London was the closest approximation to a world center—more particularly Westminster, Whitehall, and the City. The British system was full of both rigidities and flexibilities; its players were politicians, civil servants, and a complex network of financial, manufacturing, and shipping interests. It operated on vast tracts of land occupied in varying degrees by immigrants and indigenous populations. Thankfully, Darwin [End Page 283] does not pay too much attention to the vexed present debate about the effect that the system had on those who lived in Britain itself (that is, beyond the players themselves). Ireland, characteristically, plays an anomalous role in his account.
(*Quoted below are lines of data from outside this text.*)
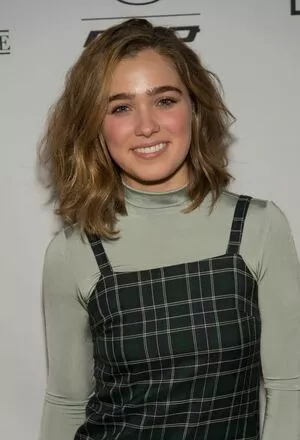 Haley Lu Richardson / haleyluhoo фото голая #0415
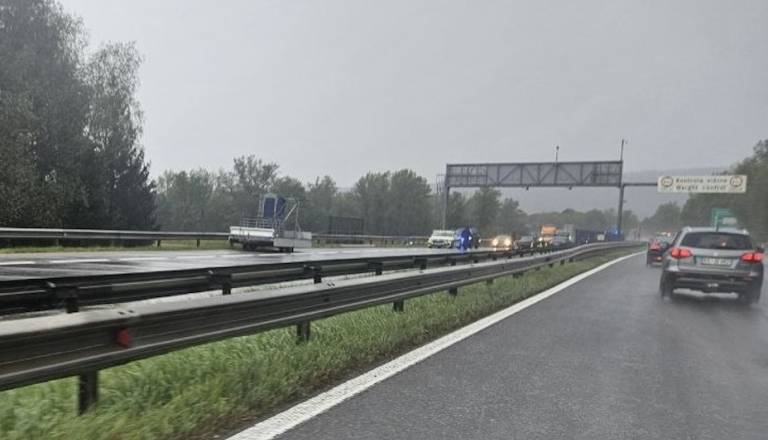 Policistu odvzel pištolo, ga ustrelil in pobegnil s policijskim vozilom: Zdaj je znana odločitev sodišča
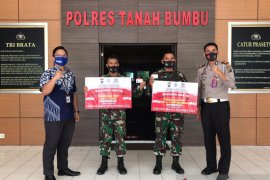Satlantas Polres Tanbu bagikan voucher PNBP SIM gratis di Hari Pahlawan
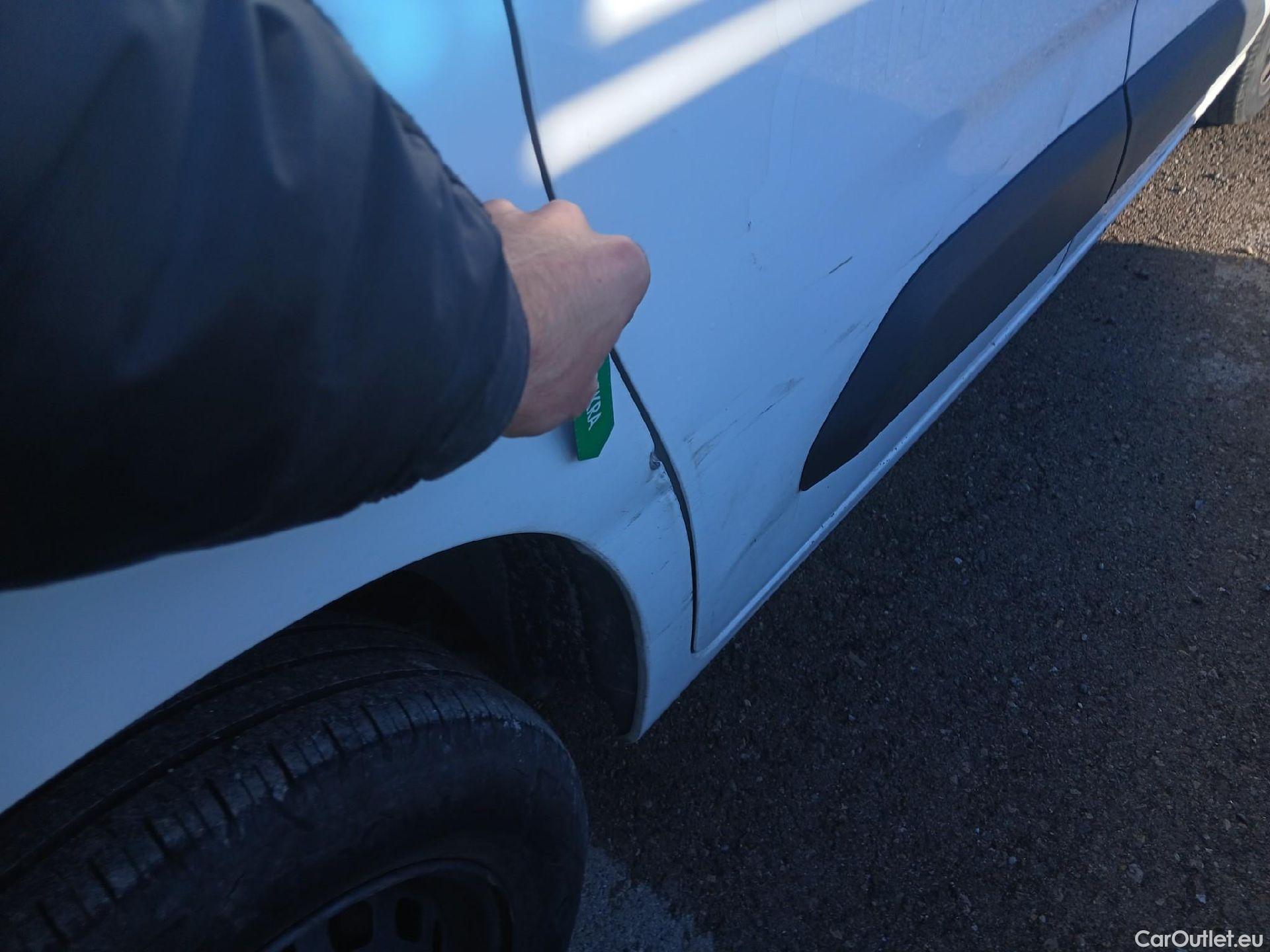  Citroen  Berlingo CITROEN  / 2018 / 3P / furgón derivado de turismo Talla M BlueHDi 100 CONTROL #30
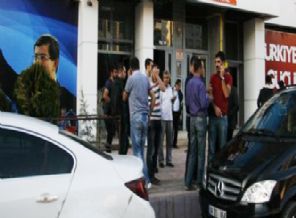 AK Parti Diyarbakır İl Başkanlığına taşlı saldırı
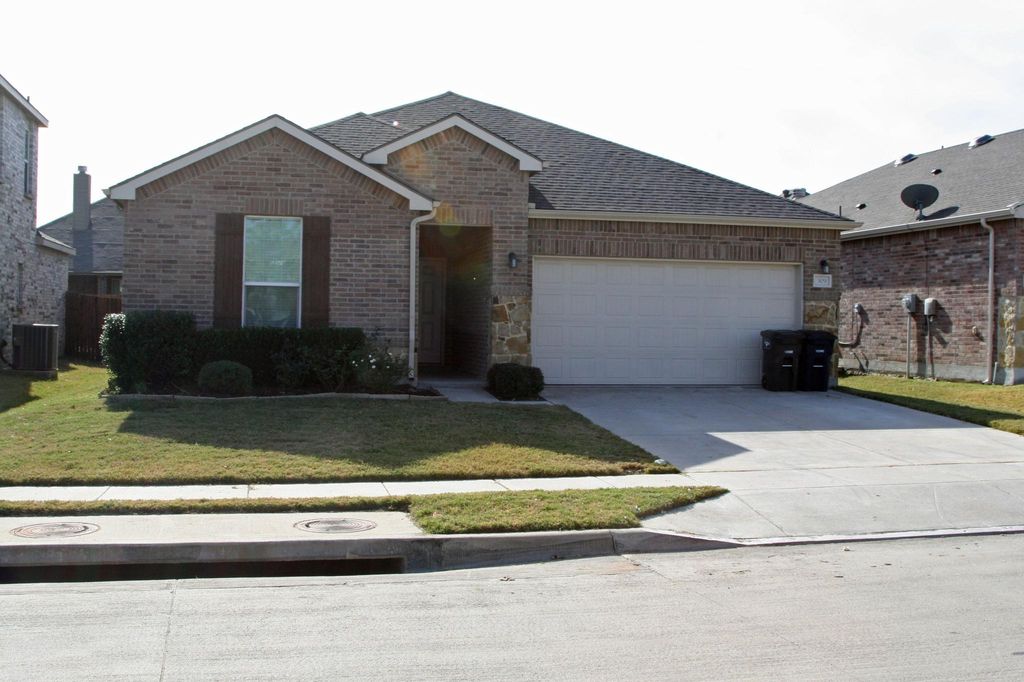 309 Mariscal Pl, Fort Worth, TX 76131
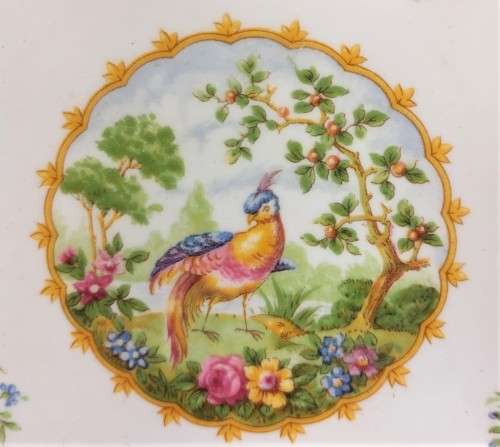 ROYAL ALBERT VINTAGE 1940S SQUARE SHAPED CHELSEA BIRD PATTERN SWEET DISH WITH PIERCED HANDLES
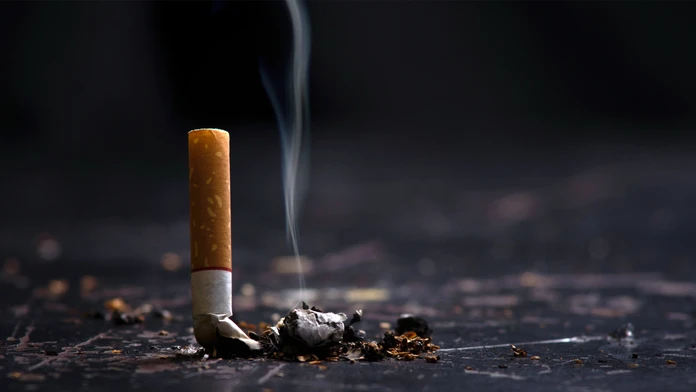 Prvá krajina, ktorá zakázala predaj cigariet mladej generácii, urobila otočku. Proti fajčeniu chce bojovať inak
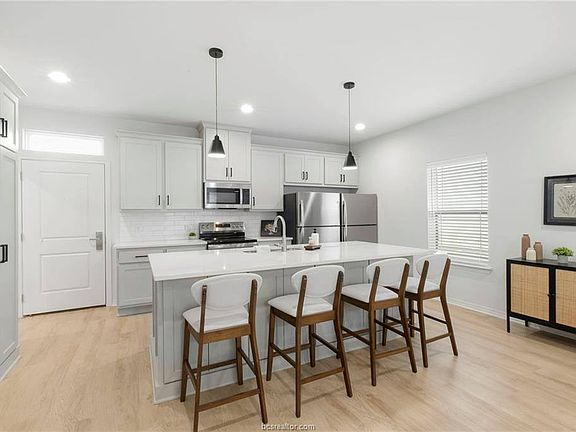 3rd image of 307B Sterling Dr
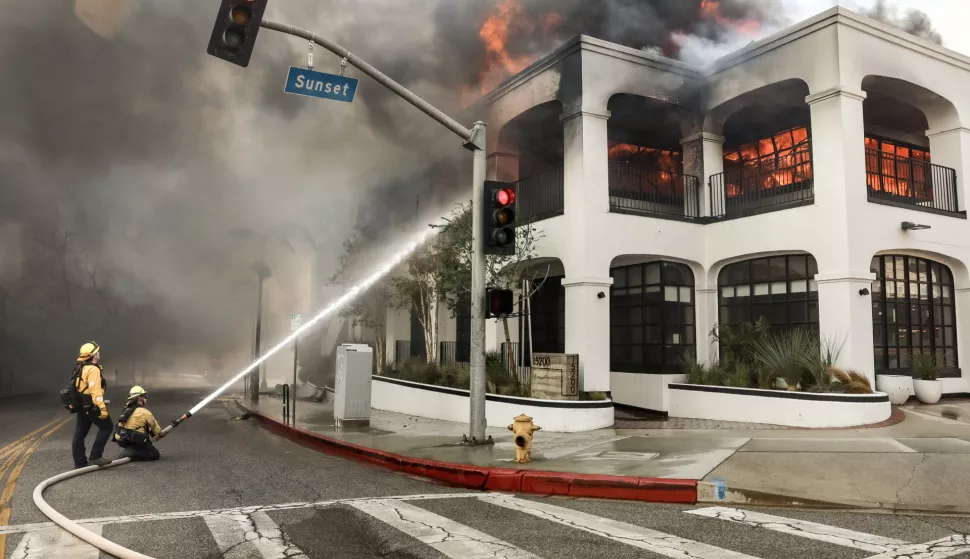 epa11813735 Firefighters battle the flames engulfing a building during the Palisades wildfire in the Pacific Palisades neighborhood of Los Angeles, California, USA, 08 January 2025. According to data from California Department of Forestry and Fire Protection, CAL FIRE, multiple wildfires are burning across thousands of acres and forced tens of thousands of evacuations in the Los Angeles area. EPA/ALLISON DINNER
With extraordinary dexterity, Darwin enriches our understanding of how the British shaped the modern world. Although the parts of the system were extremely different from one another, they interlocked nonetheless, particularly in terms of strategy. Yet, the regions could sometimes hold the mother country hostage because of its strategic and financial needs, especially in the cases of Egypt, the Union of South Africa, and India. In strategic terms, the Suez Canal and the Cape might not have mattered so much had India not been so important to protect. Britain clothed its intent to control India in democratic rhetoric; Darwin presents the tragic climax of India’s chaotic independence in 1947 too blandly. His discussions of the Britishness of Canada, Australia, and New Zealand are splendid.

The project and system have now virtually ended, having left a legacy throughout the world. Darwin has, with the use of primary and secondary material, provided a complicated yet clear story and a sophisticated analysis of the forces that drove the British Empire.

Peter Stansky
Stanford University

Footnotes

1. John Gallagher and Ronald Robinson, “The Imperialism of Free Trade,” Economic History Review, VI (1953), 1–15.